:: MATERIAL SHOWN ::
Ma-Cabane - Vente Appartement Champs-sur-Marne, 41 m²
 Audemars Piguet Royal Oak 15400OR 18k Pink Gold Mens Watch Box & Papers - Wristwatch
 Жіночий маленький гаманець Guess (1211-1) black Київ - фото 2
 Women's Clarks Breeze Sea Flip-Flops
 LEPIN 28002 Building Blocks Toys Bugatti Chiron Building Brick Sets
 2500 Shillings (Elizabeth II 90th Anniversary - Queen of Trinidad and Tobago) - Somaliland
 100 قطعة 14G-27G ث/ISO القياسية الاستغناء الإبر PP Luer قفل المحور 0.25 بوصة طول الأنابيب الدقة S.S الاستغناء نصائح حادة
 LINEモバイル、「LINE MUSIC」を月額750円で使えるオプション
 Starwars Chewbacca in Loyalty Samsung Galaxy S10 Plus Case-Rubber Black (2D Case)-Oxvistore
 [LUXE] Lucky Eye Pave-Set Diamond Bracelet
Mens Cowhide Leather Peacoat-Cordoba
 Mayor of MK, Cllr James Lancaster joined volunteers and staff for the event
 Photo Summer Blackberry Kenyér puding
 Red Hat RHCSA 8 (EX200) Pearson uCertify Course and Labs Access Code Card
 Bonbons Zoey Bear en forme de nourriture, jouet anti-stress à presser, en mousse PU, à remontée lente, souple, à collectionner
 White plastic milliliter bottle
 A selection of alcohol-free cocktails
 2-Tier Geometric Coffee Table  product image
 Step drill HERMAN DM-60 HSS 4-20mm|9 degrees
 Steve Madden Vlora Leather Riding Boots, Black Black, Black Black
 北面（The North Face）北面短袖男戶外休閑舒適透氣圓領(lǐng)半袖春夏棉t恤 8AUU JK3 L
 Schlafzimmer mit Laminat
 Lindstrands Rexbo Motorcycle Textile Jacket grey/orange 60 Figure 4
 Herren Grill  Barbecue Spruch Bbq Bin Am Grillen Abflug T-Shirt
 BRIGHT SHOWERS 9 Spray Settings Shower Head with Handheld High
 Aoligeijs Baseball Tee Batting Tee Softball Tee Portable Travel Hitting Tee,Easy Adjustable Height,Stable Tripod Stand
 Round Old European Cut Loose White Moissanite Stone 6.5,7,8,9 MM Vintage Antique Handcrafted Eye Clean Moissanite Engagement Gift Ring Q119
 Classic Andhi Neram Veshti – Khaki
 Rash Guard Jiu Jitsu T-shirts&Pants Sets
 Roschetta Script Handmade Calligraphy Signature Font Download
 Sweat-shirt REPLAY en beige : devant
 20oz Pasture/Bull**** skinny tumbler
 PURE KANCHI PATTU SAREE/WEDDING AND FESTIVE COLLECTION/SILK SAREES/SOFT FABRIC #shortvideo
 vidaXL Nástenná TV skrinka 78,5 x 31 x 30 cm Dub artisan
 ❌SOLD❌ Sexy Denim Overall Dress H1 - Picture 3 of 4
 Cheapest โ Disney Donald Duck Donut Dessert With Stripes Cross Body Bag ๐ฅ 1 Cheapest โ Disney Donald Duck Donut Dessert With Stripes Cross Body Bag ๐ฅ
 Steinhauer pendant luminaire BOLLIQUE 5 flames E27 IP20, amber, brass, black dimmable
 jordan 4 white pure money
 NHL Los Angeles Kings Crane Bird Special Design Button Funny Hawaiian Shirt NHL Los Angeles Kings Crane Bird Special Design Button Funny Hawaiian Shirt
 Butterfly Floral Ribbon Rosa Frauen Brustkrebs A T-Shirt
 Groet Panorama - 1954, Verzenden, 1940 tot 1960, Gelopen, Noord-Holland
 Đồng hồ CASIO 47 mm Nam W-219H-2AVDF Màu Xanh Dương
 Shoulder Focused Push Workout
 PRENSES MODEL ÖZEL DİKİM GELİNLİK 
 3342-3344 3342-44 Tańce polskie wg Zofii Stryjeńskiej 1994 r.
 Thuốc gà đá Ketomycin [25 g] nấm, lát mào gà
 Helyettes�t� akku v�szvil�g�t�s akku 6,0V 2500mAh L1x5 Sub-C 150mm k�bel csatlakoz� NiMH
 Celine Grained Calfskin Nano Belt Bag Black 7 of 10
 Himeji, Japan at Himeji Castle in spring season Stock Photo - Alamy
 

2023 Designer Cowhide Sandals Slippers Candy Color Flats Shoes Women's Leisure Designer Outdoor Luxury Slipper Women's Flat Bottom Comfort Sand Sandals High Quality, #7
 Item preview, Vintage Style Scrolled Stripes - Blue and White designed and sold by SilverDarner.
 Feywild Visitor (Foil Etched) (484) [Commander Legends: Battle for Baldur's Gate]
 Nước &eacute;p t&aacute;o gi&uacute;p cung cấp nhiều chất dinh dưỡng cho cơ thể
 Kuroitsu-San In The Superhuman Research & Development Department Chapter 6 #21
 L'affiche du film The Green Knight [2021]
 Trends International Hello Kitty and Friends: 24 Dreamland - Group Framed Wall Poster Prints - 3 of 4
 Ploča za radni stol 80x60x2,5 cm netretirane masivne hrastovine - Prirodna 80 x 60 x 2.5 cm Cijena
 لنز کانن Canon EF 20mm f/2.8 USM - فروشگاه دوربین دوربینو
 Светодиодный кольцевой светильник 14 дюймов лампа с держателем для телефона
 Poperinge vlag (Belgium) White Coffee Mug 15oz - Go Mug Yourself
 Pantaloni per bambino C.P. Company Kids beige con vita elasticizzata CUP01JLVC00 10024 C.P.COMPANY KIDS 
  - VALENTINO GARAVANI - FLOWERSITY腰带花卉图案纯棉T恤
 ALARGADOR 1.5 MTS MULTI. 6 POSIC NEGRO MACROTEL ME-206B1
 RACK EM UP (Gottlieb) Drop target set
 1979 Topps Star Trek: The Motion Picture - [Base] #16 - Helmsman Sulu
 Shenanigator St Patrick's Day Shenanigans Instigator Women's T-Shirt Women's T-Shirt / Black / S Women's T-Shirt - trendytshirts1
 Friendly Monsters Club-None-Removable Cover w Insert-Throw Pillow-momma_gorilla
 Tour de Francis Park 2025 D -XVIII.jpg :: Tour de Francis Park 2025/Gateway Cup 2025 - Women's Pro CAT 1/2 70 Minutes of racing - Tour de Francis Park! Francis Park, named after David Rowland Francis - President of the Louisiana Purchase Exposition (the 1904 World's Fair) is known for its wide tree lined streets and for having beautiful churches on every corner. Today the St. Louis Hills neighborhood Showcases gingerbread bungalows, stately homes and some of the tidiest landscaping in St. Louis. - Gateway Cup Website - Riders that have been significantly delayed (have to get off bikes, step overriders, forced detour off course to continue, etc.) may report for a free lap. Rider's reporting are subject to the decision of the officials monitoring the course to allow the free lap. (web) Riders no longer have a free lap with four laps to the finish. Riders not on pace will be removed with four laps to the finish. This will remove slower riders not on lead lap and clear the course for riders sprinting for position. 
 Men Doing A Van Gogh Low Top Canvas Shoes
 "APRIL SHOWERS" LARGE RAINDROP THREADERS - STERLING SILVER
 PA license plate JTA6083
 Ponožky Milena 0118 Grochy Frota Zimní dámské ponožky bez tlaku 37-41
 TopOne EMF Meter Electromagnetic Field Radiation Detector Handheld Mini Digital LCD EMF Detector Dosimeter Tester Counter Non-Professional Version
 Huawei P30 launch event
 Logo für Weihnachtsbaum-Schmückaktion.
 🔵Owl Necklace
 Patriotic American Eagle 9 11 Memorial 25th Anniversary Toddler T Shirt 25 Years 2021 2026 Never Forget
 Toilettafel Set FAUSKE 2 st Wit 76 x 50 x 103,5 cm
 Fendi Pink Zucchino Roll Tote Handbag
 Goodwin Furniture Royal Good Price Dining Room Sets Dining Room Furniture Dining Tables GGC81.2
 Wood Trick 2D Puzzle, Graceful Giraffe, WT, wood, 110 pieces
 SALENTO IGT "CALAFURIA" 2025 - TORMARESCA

:: WORK INSTRUCTION ::
Report, with no additional words, how many lines in the records above contain the word "Leather".

:: REPLY ::
2